Jangkar Groups hadir sebagai mitra strategis perusahaan dalam menangani pengurusan TKA dari awal hingga tuntas:
- ✅ Analisis Dokumen & Kuota: Memastikan posisi jabatan TKA sesuai dengan daftar jabatan yang diperbolehkan regulasi.
- ✅ Pengurusan RPTKA & Notifikasi Cepat: Proses administrasi akurat dan terpantau secara real-time.
- ✅ Pengurusan KITAS & Izin Tinggal: Integrasi layanan penjaminan visa hingga pelaporan ke Imigrasi.
Pertanyaan Populer (FAQ): RPTKA vs Notifikasi TKA
1. Apakah RPTKA dan Notifikasi TKA adalah dua dokumen yang sama?
Tidak. RPTKA adalah dokumen perizinan kuota dan perencanaan jabatan bagi ekspatriat di suatu perusahaan, sedangkan Notifikasi TKA adalah pengesahan kelayakan operasional untuk individu TKA tertentu.
2. Bisakah Notifikasi TKA terbit tanpa memiliki RPTKA terlebih dahulu?

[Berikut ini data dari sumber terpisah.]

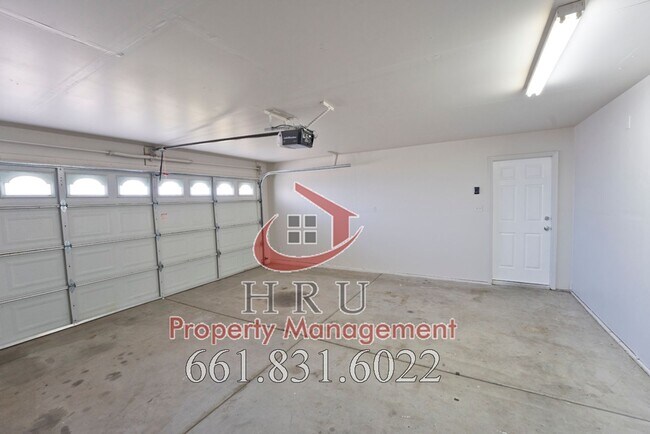 Building Photo - SW-Bakersfield  features 4 bed 2 bath with solar panels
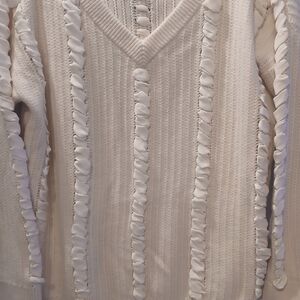Club Monaco Cream V-Neck Sweater with Ribbon Detail
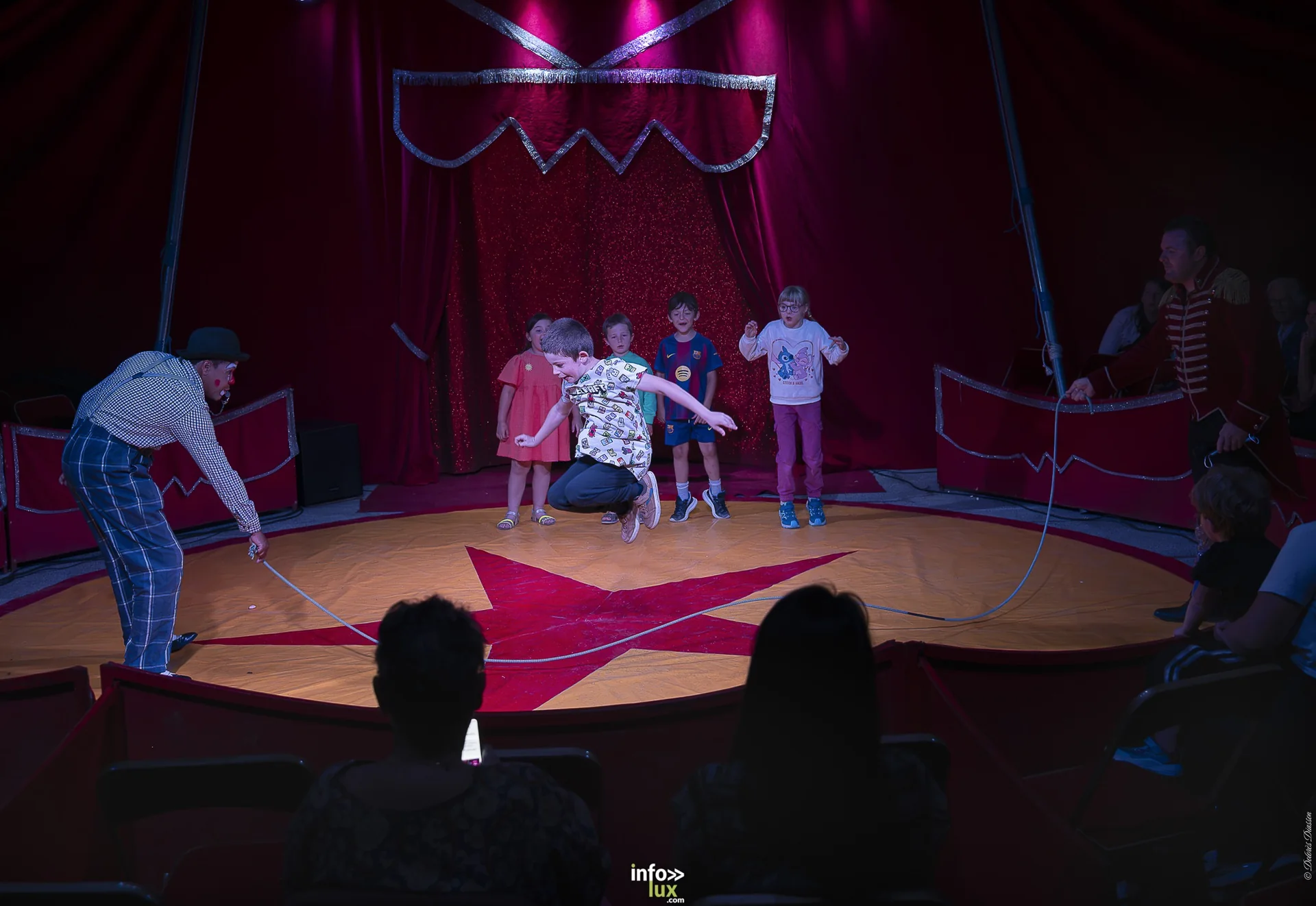 Univers Circus à Saint-Hubert, septembre 2026 : clown, équilibriste, jongleur, cerceaux et numéro de chien sous le chapiteau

Tidak bisa. RPTKA merupakan syarat mutlak yang harus dimiliki dan disetujui Kemnaker sebelum perusahaan dapat mengajukan Notifikasi TKA untuk calon pekerjanya.
3. Kapan DKP-TKA harus dibayarkan dalam proses ini?

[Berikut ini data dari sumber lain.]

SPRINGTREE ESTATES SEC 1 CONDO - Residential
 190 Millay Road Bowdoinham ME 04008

DKP-TKA dibayarkan setelah Notifikasi TKA disetujui secara sistem dan kode billing diterbitkan oleh Kemnaker, sebelum E-Visa TKA dikeluarkan.

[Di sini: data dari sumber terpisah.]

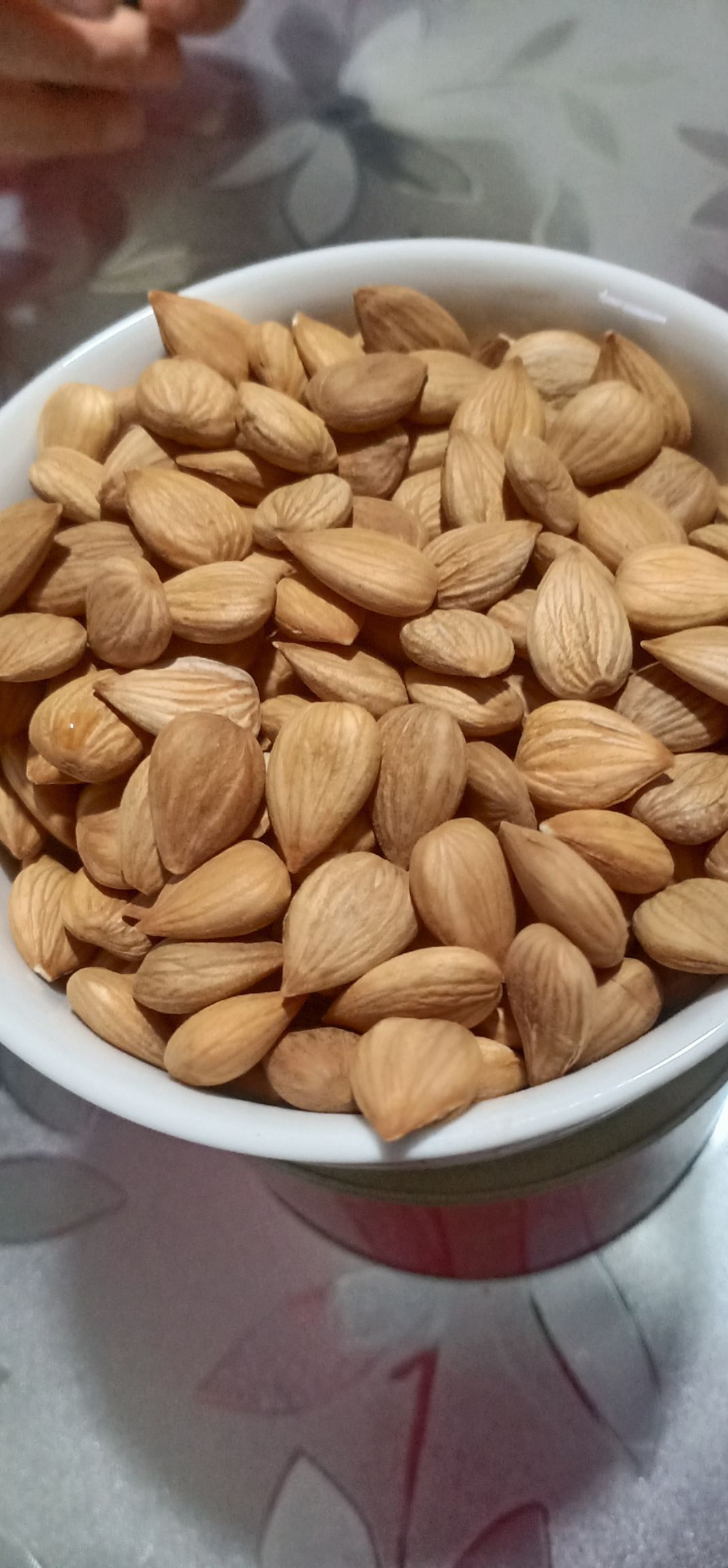 休闲零食  熟杏仁制作，香酥可口 ，百吃不厌，是休闲 居家不可少的小零食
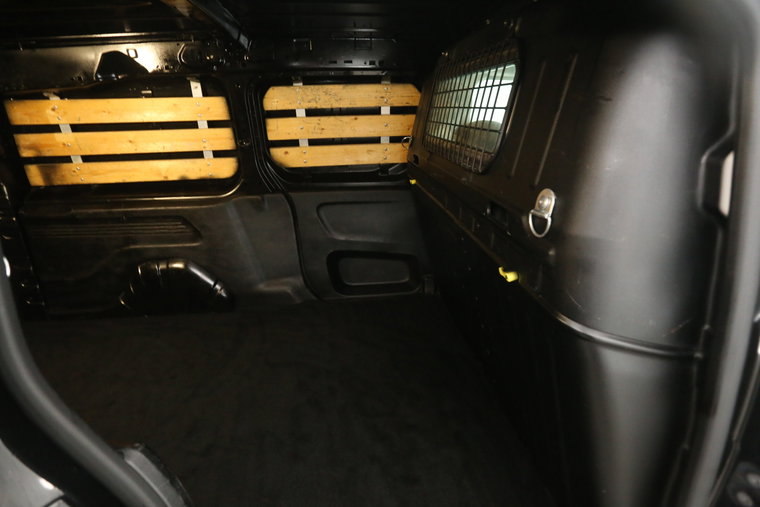 Vehicle Image 25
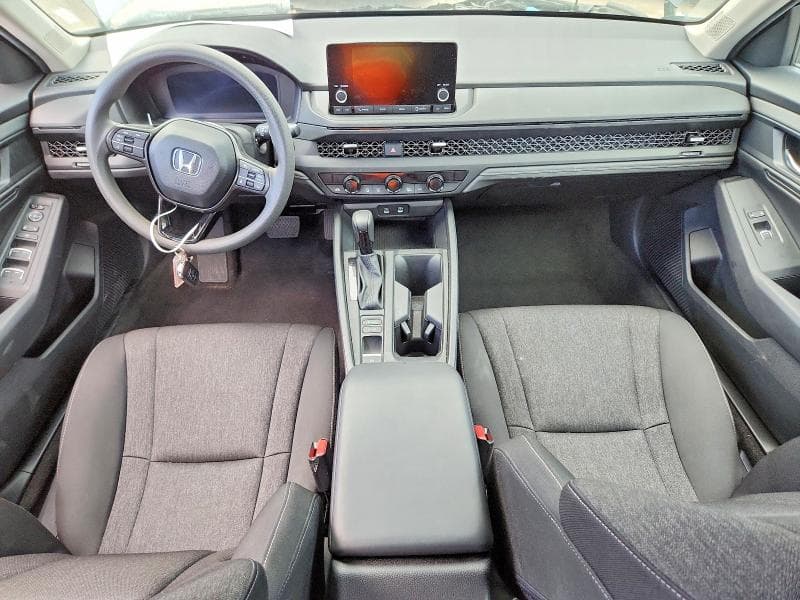 2025 HONDA ACCORD SE 8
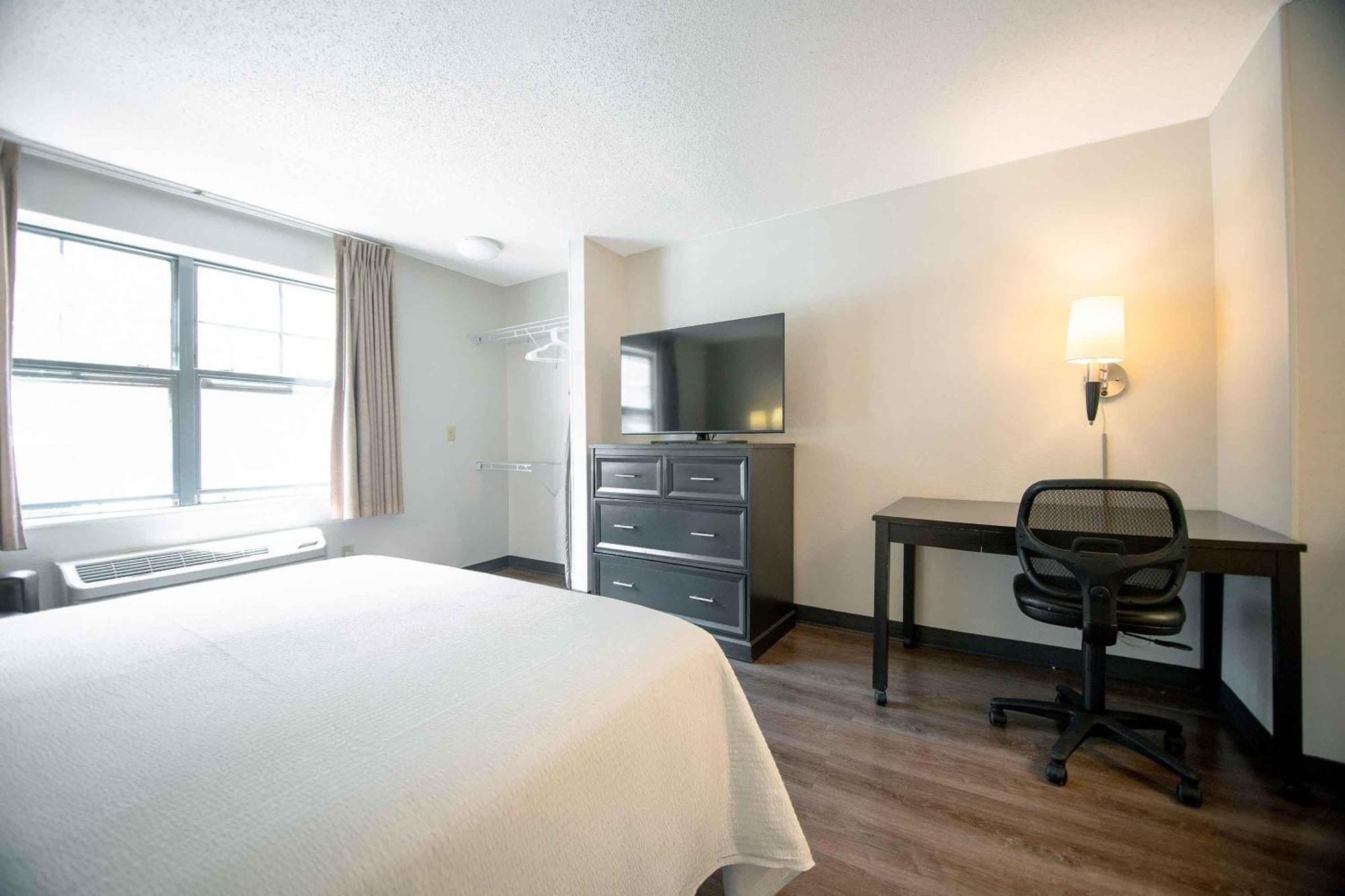 Extended America - - Commerce Hotel 2*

4. Berapa lama proses perpanjangan Notifikasi TKA?
Proses perpanjangan Notifikasi umumnya memakan waktu 3–5 hari kerja, selama berkas persyaratan pendamping dan laporan realisasi penyerapan tenaga kerja lokal telah dipenuhi.
5. Apakah semua jenis jabatan TKA memerlukan RPTKA?
Secara umum ya, kecuali untuk beberapa kategori khusus seperti pemegang saham yang menjabat sebagai Direktur/Komisaris dengan kepemilikan saham tertentu, atau ekspatriat dalam kondisi darurat/vokasi sesuai ketentuan hukum yang berlaku.